• [The task]
Your job is to print, exactly, the lines in the data below from the line with "Toyota Innova Crysta" through the line with "225 Carriage XING, Lansing, KS 66043", both included, and to omit any picture.

• [Given records]
___

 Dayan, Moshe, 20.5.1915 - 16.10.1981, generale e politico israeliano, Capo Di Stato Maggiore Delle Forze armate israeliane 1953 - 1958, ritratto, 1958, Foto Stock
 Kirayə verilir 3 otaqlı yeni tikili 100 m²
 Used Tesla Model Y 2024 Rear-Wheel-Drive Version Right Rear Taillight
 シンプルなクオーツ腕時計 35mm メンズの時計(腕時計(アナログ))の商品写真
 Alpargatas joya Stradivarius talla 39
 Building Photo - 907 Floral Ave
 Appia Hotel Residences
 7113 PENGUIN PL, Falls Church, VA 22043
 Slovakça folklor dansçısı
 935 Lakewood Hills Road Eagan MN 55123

___

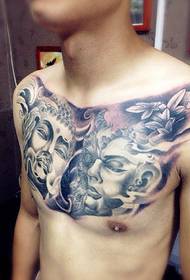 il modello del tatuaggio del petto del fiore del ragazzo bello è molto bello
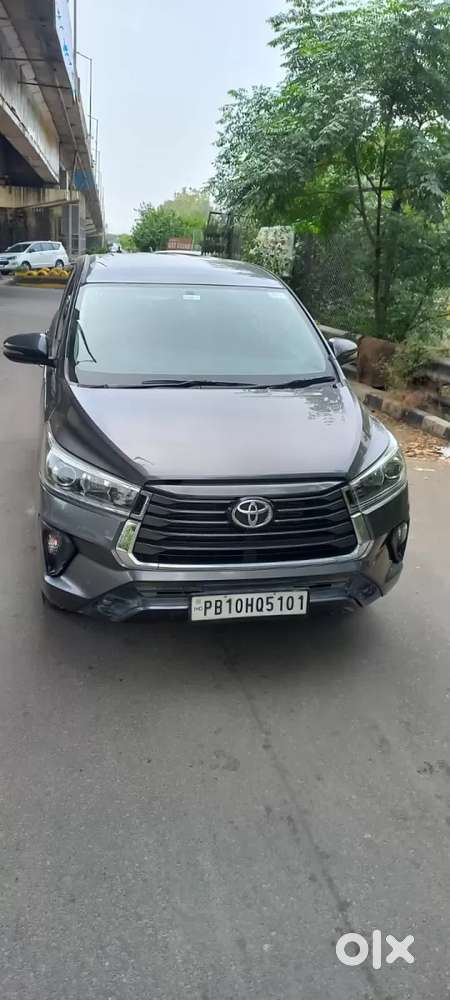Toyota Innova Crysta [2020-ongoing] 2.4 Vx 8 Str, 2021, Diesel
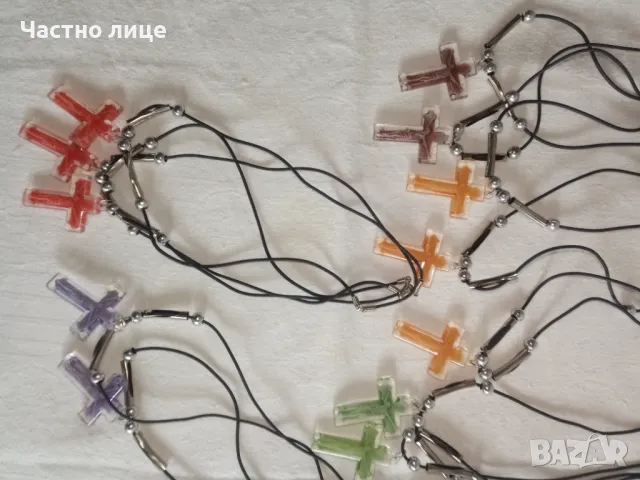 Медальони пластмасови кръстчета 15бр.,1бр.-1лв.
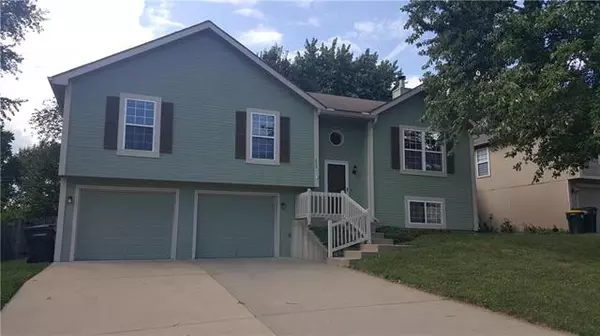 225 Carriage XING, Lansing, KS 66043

___

• [Task result]
Toyota Innova Crysta [2020-ongoing] 2.4 Vx 8 Str, 2021, Diesel
 Медальони пластмасови кръстчета 15бр.,1бр.-1лв.
 225 Carriage XING, Lansing, KS 66043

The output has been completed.